Namun berangkat dari pengalaman saya di sekolah tempat saya mengajar, sering kali jatah makan itu tidak habis dimakan. Alasannya sederhana: menunya dianggap kurang menggugah selera. Ada anak yang lebih memilih jajan di kantin, ada juga yang hanya mengambil lauknya tanpa menyentuh nasi. Akibatnya, makanan terbuang, dan esensi MBG sebagai program gizi dan kebersamaan menjadi kurang terasa.
Bekal Bernama Misting
Belajar dari pengalaman itu, saya memutuskan untuk memberi anak saya misting tempat makan pribadi yang selalu ia bawa setiap kali sekolah.

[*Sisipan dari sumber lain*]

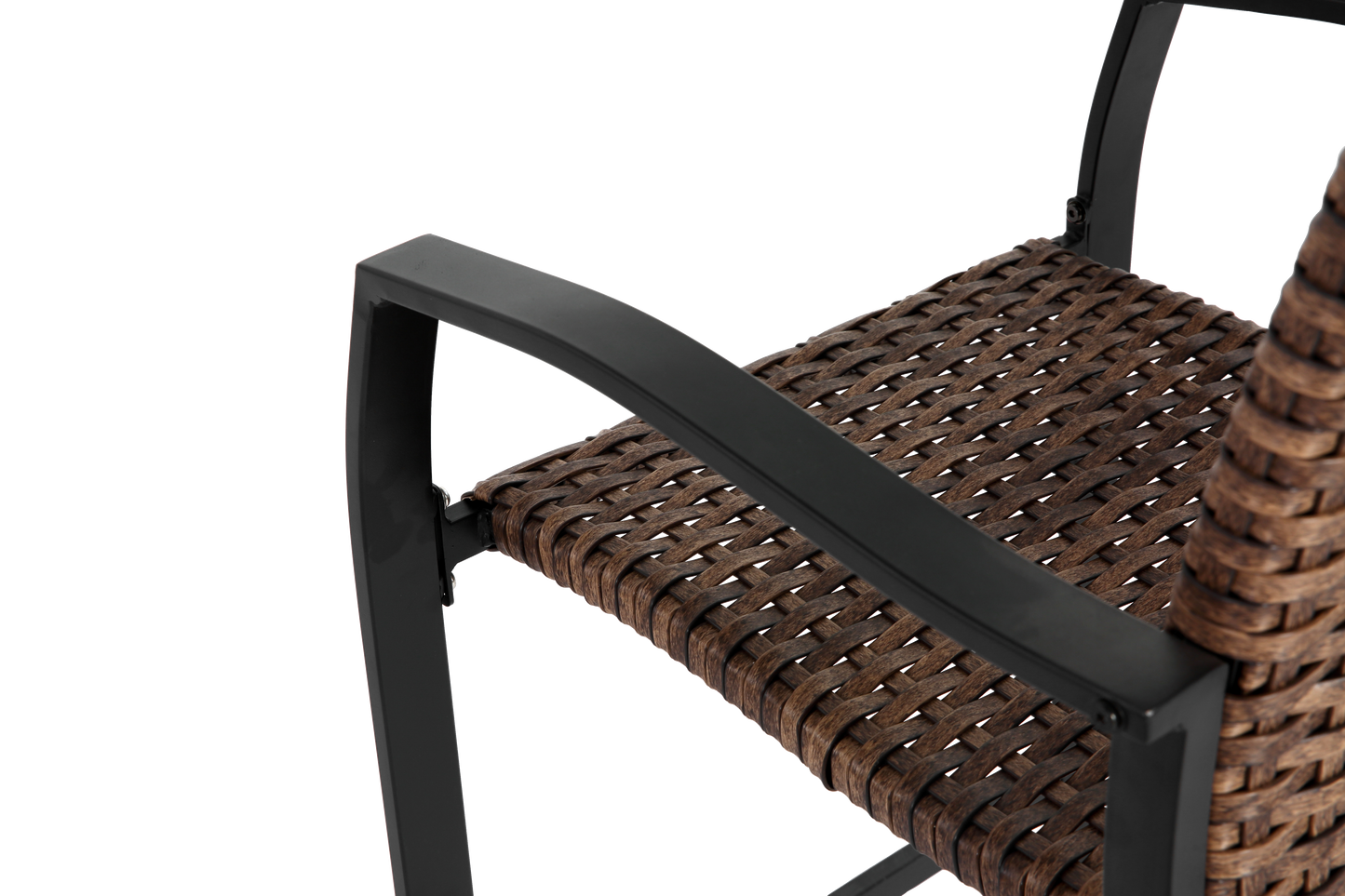 3 Pieces Outdoor Bar Stools Set,Rattan Bar Chairs,with glass table top, Wicker Bar Stools for Backyard, Garden, Pool, Balcony and Deck, Brown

Maksud saya sederhana: kalau suatu hari menu MBG-nya tidak cocok di lidah, ia bisa menuangkannya ke misting itu untuk dibawa pulang.
Dengan begitu, makanannya tidak terbuang percuma. Di rumah, bisa kami olah kembali atau dimakan saat sore. Saya tidak ingin anak saya terbiasa membuang makanan hanya karena alasan tidak enak. Bagi saya, menghargai makanan sama pentingnya dengan belajar di kelas.

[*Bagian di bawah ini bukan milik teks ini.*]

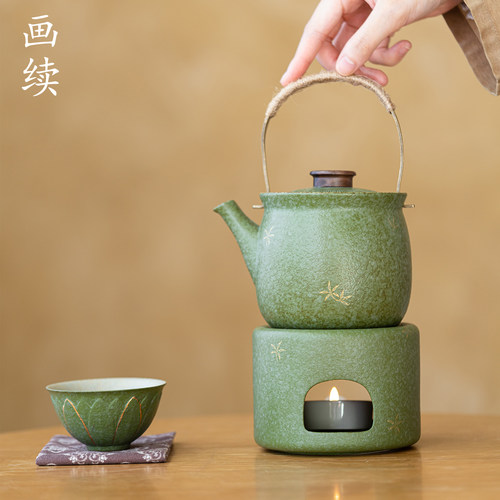 画续绿釉金花蜡烛温茶炉组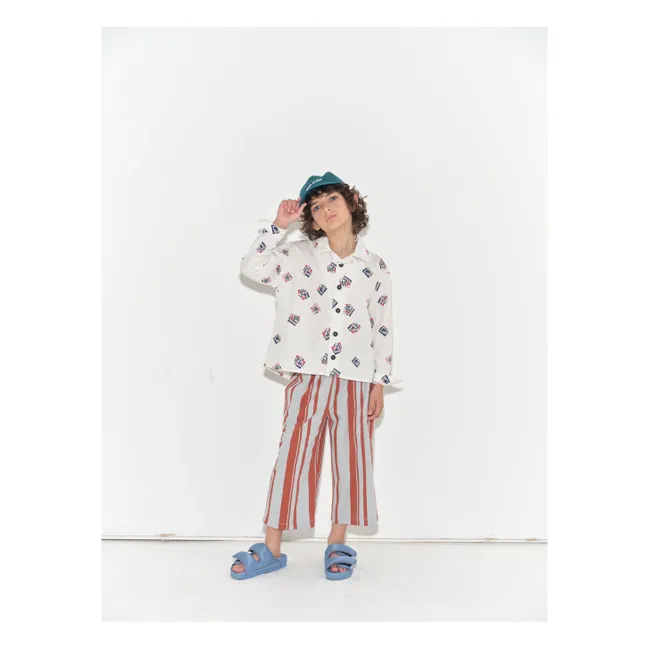Pantalón de algodón orgánico a rayas | Rojo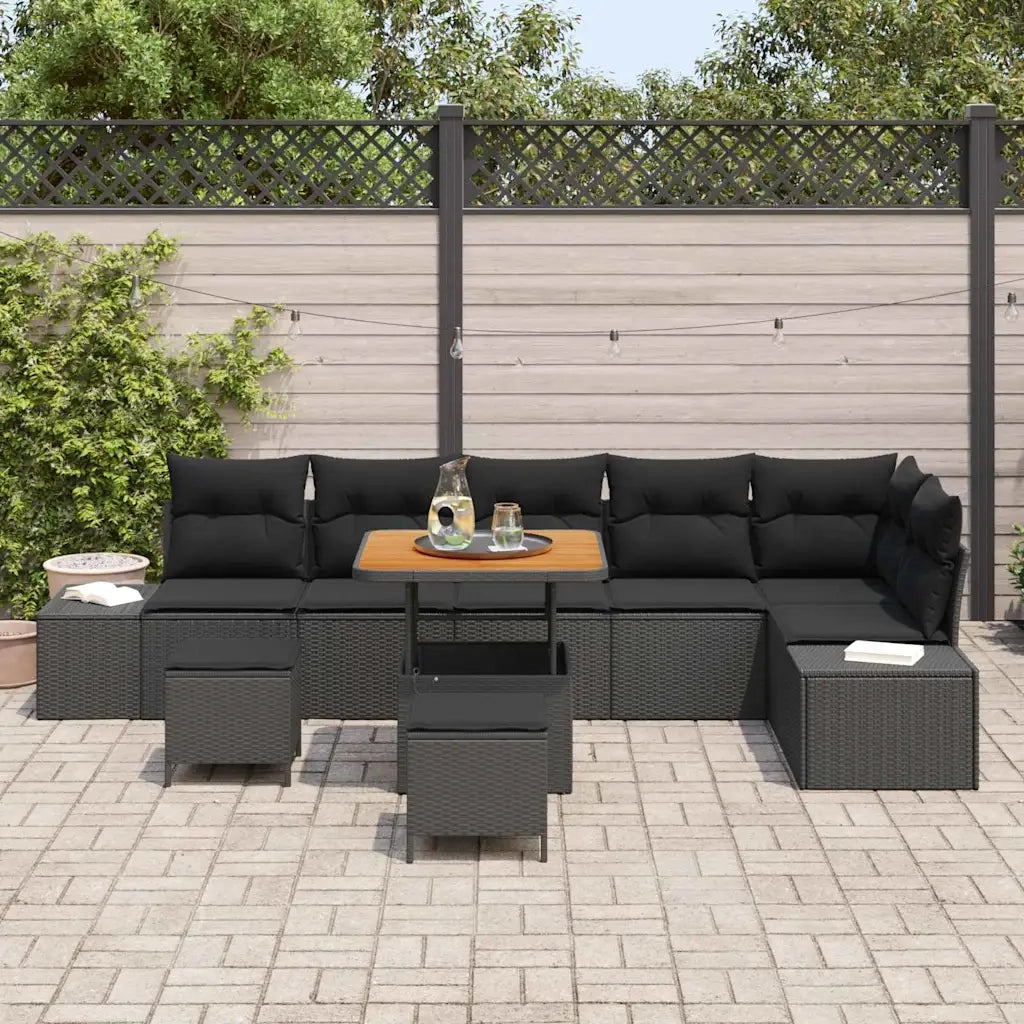Set Divano da Giardino con cuscino 9 pcs Nero Poly Rattan 3364749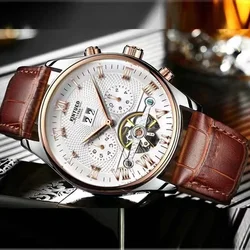 KINYUED012 Men watch Skeleton Mechanical Leather Strap Wristwatch Casual Business Automatic Calendar Watch for Man reloj hombren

Uang Jajan Tetap, Tapi dengan Tanggung Jawab
Kebijakan berikutnya yang saya ambil: uang jajannya tetap saya berikan penuh, meskipun sekolah sudah menyediakan MBG. Saya tidak ingin mengurangi hak anak untuk belajar mengatur uangnya sendiri. Justru di sinilah kesempatan untuk menanamkan nilai tanggung jawab dan pilihan.
Kalau ia ingin makan MBG, silakan. Kalau ingin membeli makanan lain di kantin, juga boleh. Tapi semua itu harus dipertimbangkan dengan bijak: mana yang paling ia butuhkan, bukan sekadar keinginan sesaat.
Selanjutnya jika ada uang jajan yang tersisa, saya memberinya kebebasan untuk menabung. Ia sudah punya beberapa keinginan yang sejak lama belum terwujud: membeli laptop sendiri, dan beberapa dress code yang sering digunakan teman-temannya dalam kegiatan bersama.